Marginal note:Notice of meeting

  •  (1) Notice of the time and place of a meeting of shareholders of a bank holding company shall be sent within the prescribed period to

    • (a) each shareholder entitled to vote at the meeting;

    • (b) each director;

    • (c) the auditor of the bank holding company; and

    • (d) the Superintendent.

  • Marginal note:Exception

    (1.1) In the case of a bank holding company that is not a distributing bank holding company, notice may be sent within any shorter period specified in its by-laws.

  • Marginal note:Number of eligible votes

    (2) A bank holding company with equity of twelve billion dollars or more shall set out in the notice of a meeting the number of eligible votes, as defined under subsection 156.09(1), that may be cast at the meeting as of the record date for determining those shareholders entitled to receive the notice of meeting, or if there are to be separate votes of shareholders at the meeting, the number of eligible votes, as defined in that subsection, in respect of each separate vote to be held at the meeting.

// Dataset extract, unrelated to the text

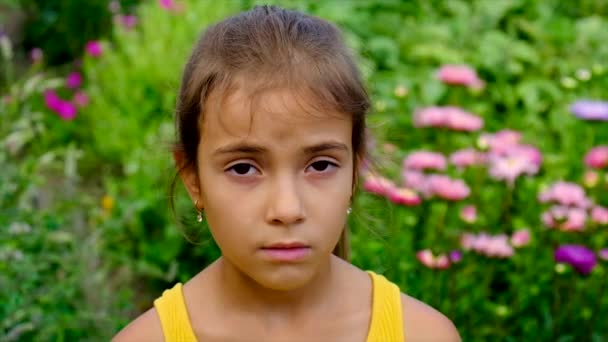 El niño es alérgico a las flores. Enfoque selectivo. — Vídeos de Stock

  • Marginal note:Publication in newspaper

    (3) In addition to the notice required under subsection (1), where any class of shares of a bank holding company is publicly traded on a recognized stock exchange in Canada, notice of the time and place of a meeting of shareholders shall be published once a week for at least four consecutive weeks before the date of the meeting in a newspaper in general circulation in the place where the head office of the bank holding company is situated and in each place in Canada where the bank holding company has a transfer agent or where a transfer of the bank holding company’s shares may be recorded.

  • 2001, c. 9, s. 183
  • 2005, c. 54, s. 93
  • 2007, c. 6, s. 132
  • 2012, c. 5, s. 78

Marginal note:Notice not required

  •  (1) A notice of a meeting is not required to be sent to shareholders who are not registered on the records of the bank holding company or the bank holding company’s transfer agent on the record date fixed under paragraph 726(5)(c) or determined under paragraph 726(6)(a).

  • Marginal note:Effect of default

    (2) Failure to receive a notice of a meeting of shareholders does not deprive a shareholder of the right to vote at the meeting.

  • 2001, c. 9, s. 183
  • 2005, c. 54, s. 94

Marginal note:Notice of adjourned meeting

  •  (1) If a meeting of shareholders is adjourned for less than thirty days, it is not necessary, unless the by-laws otherwise provide, to give notice of the adjourned meeting, other than by announcement at the earliest meeting that is adjourned.

  • Marginal note:Notice where adjournment is longer

    (2) If a meeting of shareholders is adjourned by one or more adjournments for a total of thirty days or more, notice of the continuation of the meeting shall be given as for an original meeting but, unless the meeting is adjourned by one or more adjournments for a total of more than ninety days, subsection 156.04(1) does not apply.